Geo signals are not in one place anymore. You can find them on most of the planets surface. The colored places on the planet (when using the probes) contain the geologicals
If that's true (and I'm not doubting you), then these items are very sparsely populated! According to the color map, they cover 90% of the surface. Drop down in the middle of one of these areas and you can drive around for miles and nothing of value shows on the scanner. . . I even pop up with the free camera from time to time to see what I can see.

I'm beginning to think that for explorers, the sole purpose of the SRV is simply to look for materials so that you can actually use the SRV! I.E. basically pointless. . . Leave the damned thing at a space port, and suddenly your exploration travels become less bothersome and with less mass to haul around!!

Probe a planet, maybe land and walk around a bit just to say you did, then move on.
 
If that's true (and I'm not doubting you), then these items are very sparsely populated! According to the color map, they cover 90% of the surface. Drop down in the middle of one of these areas and you can drive around for miles and nothing of value shows on the scanner. . . I even pop up with the free camera from time to time to see what I can see.

I'm beginning to think that for explorers, the sole purpose of the SRV is simply to look for materials so that you can actually use the SRV! I.E. basically pointless. . . Leave the damned thing at a space port, and suddenly your exploration travels become less bothersome and with less mass to haul around!!

Probe a planet, maybe land and walk around a bit just to say you did, then move on.
After reaching the surface in one of the areas that should have what you are looking for I find the best way to find things like geysers and fumaroles etc is by flying low over the surface in my ship at a speed that lets all the rocks etc spawn before you have past them*, if I don't see anything after a Km or so I will stop and do a 30 turn to look all round. Remember to keep an ear on the game audio as many of these geological features are quite loud.

When you do spot some get a good look at the terrain as others will be in similar locations also depending on the planet you can still find quite large groups of these features they aren't as tightly packed as in Horizons but I quite often find groups of 10 plus in one case 0 plus all within 2Km of where I parked the ship.

*If you are running the the graphics at higher levels this could be quite fast unfortunately I have to go slowly.
 
1. Hunting materials is best done in Horizons, no doubt in my mind. (Especially since the devs have admitted that they couldn't produce a "heat map" in EDO but just a general "there are some here somewhere in this colour".)

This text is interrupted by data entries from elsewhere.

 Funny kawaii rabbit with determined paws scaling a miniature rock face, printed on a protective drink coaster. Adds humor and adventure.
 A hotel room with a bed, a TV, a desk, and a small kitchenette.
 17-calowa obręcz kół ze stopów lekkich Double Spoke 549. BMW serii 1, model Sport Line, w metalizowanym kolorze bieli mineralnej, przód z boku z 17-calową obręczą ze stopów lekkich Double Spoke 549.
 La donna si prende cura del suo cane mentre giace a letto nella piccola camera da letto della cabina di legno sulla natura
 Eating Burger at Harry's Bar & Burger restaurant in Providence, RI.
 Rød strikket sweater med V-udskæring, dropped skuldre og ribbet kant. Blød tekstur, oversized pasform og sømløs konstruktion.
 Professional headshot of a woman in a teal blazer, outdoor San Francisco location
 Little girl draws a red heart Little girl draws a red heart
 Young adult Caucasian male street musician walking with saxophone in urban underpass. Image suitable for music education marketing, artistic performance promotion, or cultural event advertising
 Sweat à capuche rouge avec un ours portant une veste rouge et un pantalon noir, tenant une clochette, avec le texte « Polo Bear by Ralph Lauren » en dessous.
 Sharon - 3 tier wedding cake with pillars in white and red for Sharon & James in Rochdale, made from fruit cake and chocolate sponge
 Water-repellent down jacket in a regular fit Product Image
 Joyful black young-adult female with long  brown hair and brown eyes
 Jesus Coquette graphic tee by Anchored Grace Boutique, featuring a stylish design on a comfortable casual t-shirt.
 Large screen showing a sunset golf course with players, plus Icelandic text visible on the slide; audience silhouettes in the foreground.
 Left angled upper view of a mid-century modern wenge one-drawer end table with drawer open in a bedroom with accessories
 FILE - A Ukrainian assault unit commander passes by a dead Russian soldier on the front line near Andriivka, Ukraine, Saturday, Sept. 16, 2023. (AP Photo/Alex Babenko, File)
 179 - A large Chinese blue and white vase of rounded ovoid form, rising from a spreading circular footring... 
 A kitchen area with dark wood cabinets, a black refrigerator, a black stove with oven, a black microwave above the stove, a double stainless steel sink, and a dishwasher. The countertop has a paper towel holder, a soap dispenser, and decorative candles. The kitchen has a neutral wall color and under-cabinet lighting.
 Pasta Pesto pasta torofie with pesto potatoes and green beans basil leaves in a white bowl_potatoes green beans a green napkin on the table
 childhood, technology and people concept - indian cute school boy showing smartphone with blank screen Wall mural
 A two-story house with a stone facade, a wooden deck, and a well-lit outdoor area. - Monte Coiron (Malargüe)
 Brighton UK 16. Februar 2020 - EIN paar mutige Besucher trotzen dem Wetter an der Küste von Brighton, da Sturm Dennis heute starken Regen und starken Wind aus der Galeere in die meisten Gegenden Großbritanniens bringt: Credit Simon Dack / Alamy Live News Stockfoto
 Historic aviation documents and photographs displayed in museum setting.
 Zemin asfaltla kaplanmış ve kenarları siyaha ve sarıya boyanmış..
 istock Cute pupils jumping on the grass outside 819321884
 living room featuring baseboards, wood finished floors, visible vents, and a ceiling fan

2. EDO - SRV I find useful for travelling between sampling sites - i.e. going far enough for the "genetic diversity" without taking ages on foot.
 
2. EDO - SRV I find useful for travelling between sampling sites - i.e. going far enough for the "genetic diversity" without taking ages on foot.
Totally agree with this one (caveat coming in a second tho). As a good example of that, here's my attempt at the Canonn Speed Scanning challenge, making heavy use of the SRV. Also a good illustration of just how abundant bio signs can be on a planet surface (same applies to geo signs) and how it would be crazy to have targettable POI's for each one (you'd need thousands). Equally tho' they can be surprisingly rare (it took me weeks to find those three Osseus in close proximity) and it is indeed a great shame that the heat map isn't more accurate than just a vague "statistically there might be some down in this area somewhere".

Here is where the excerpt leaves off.